» WHAT IS NEEDED
Without the pictures, set down exactly the lines from the one that contains "cottage Stock Photo" to the end of the entries, both included, and nothing besides.

---------- ENTRIES PROVIDED

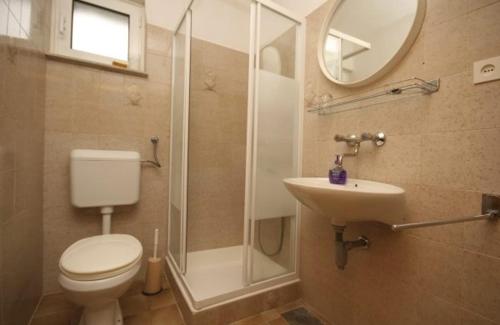 a bathroom with a toilet and a shower and a sink at Apartments with a parking space Bol, Brac - 4659 in Bol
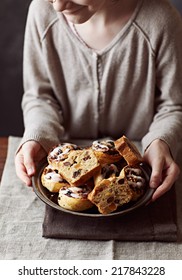 Small Girl Holding Plate Of Christmas Cake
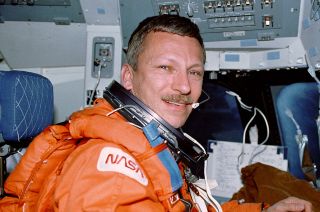 NASA astronaut Steven Nagel is seen in the commander's seat aboard the space shuttle Atlantis during the STS-55 mission in April 1991. Nagel died at age 67 on Aug. 21, 2014. 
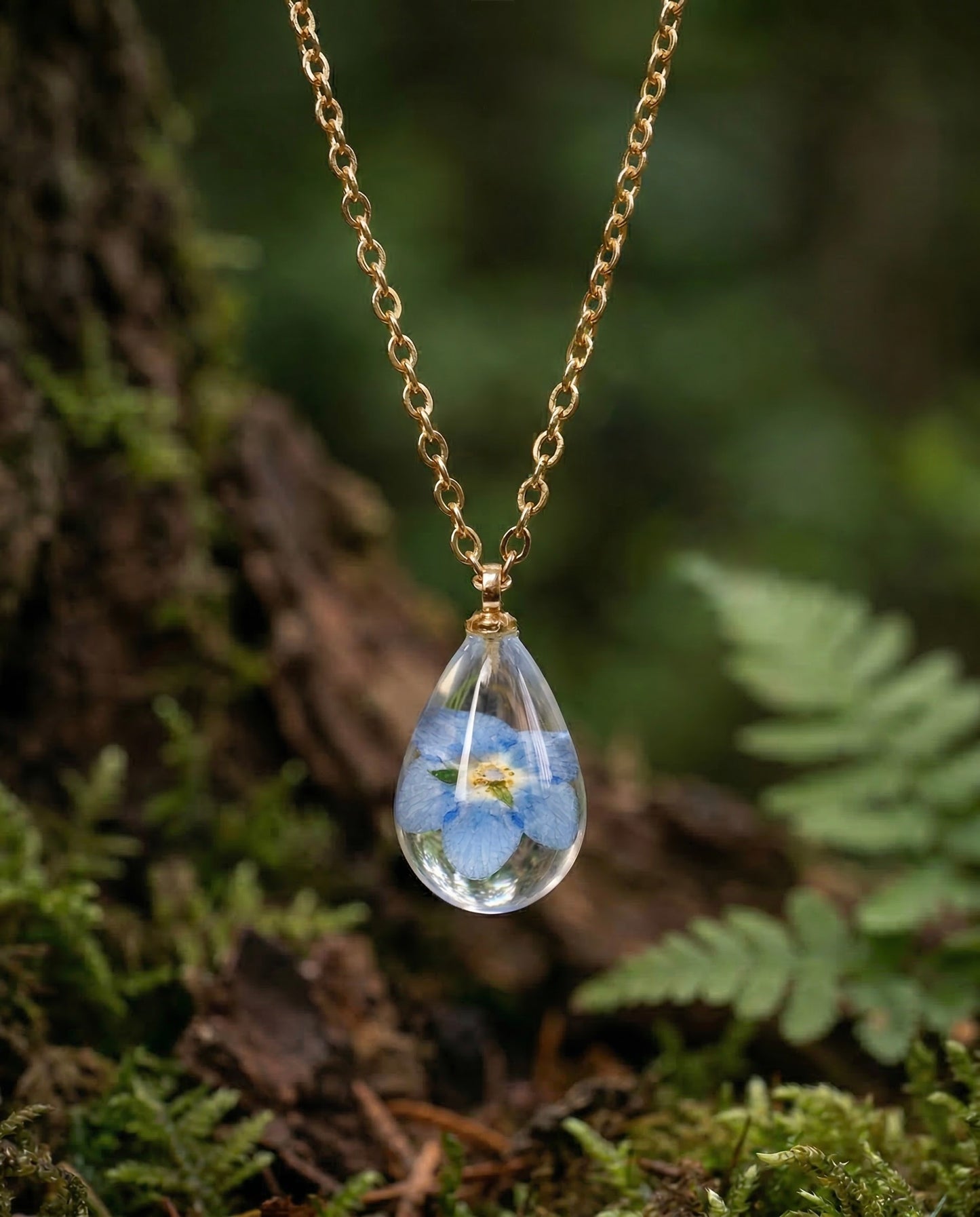 Collana RUGIADA in acciaio inossidabile e ciondolo in resina con Nontiscordardimé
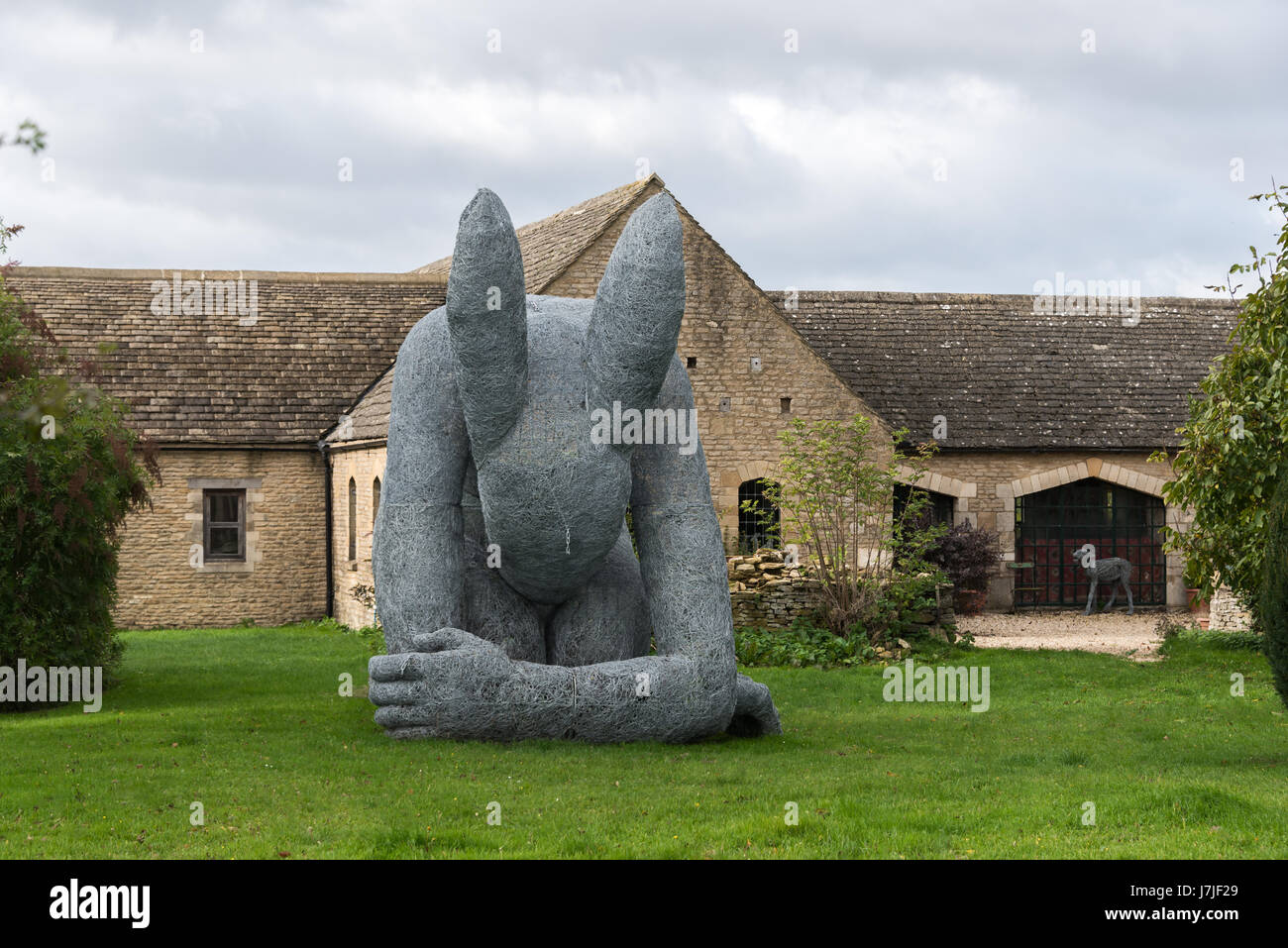 'Lady Hare' by Sophie Ryder crouched on lawn in front of converted cottage Stock Photo
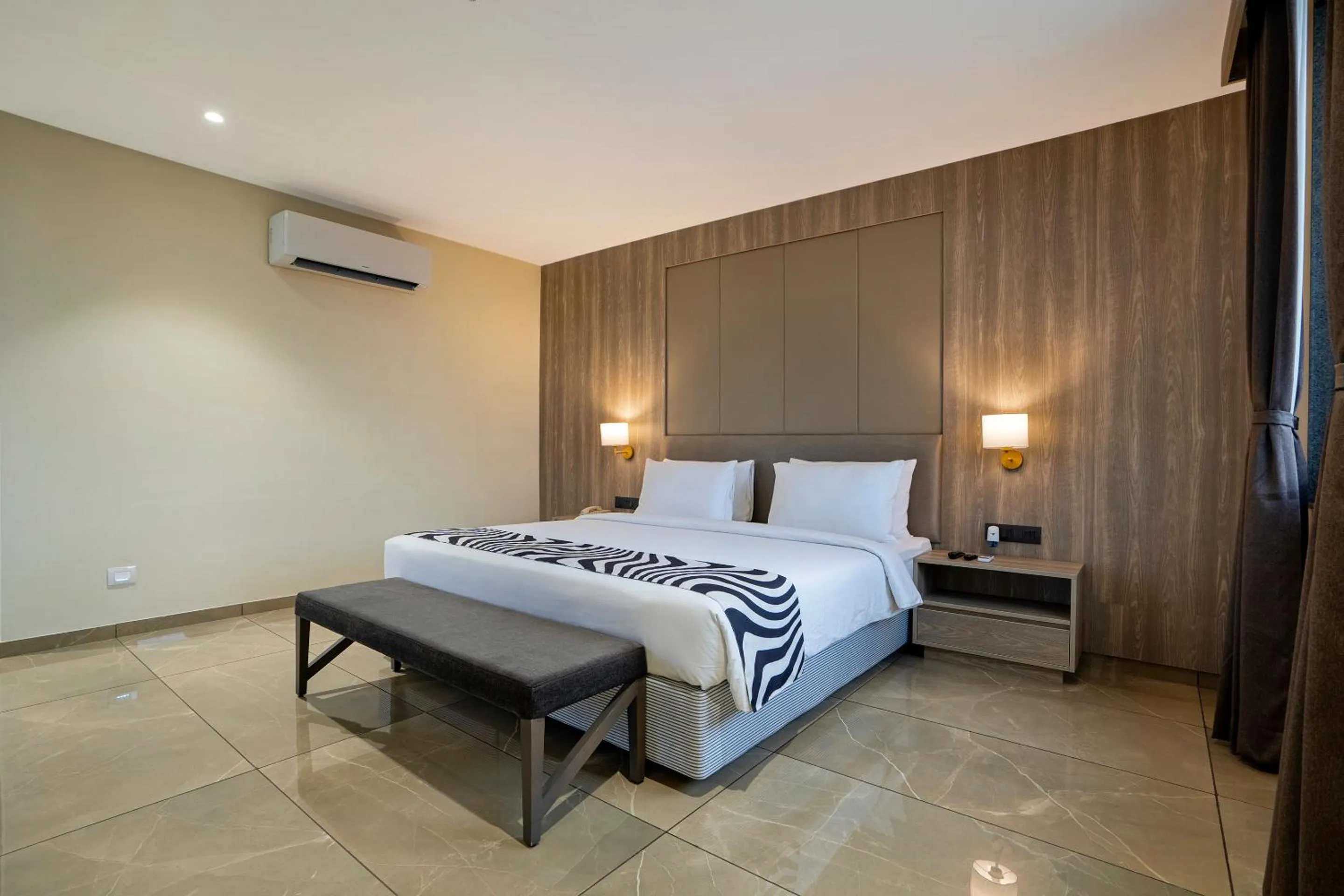 Bed in Sunday Hotel by CheckIn Vadodara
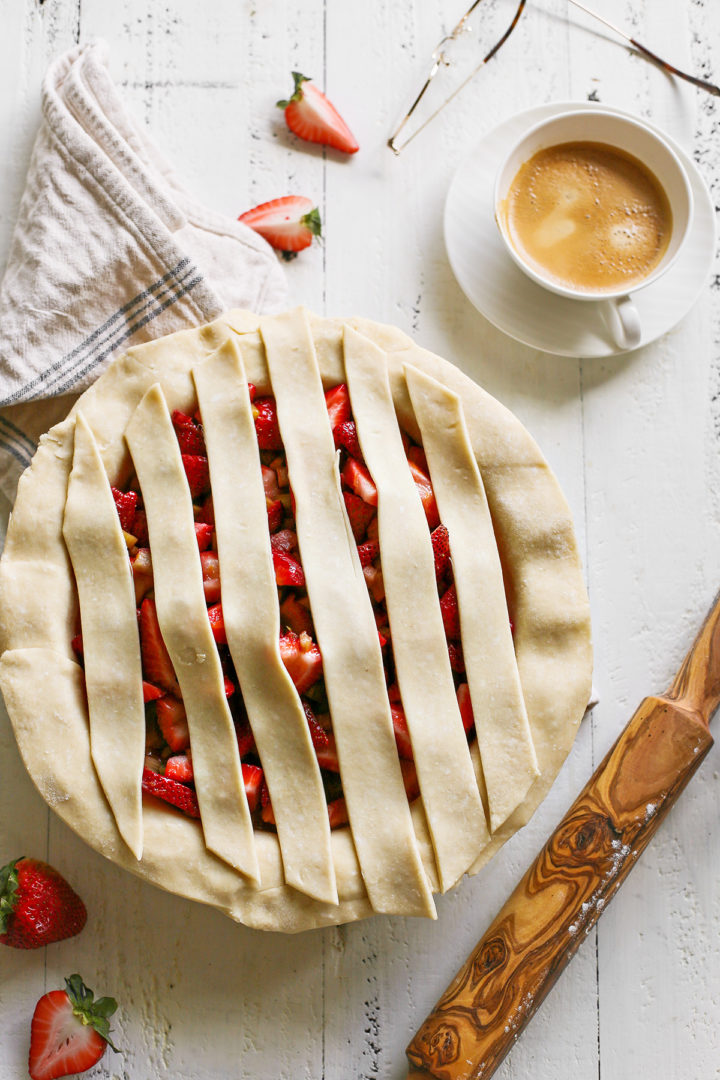 step 1 showing how to make a lattice crust top for a strawberry rhubarb pie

--------------------

» SOLVED PROBLEM
 'Lady Hare' by Sophie Ryder crouched on lawn in front of converted cottage Stock Photo
 Bed in Sunday Hotel by CheckIn Vadodara
 step 1 showing how to make a lattice crust top for a strawberry rhubarb pie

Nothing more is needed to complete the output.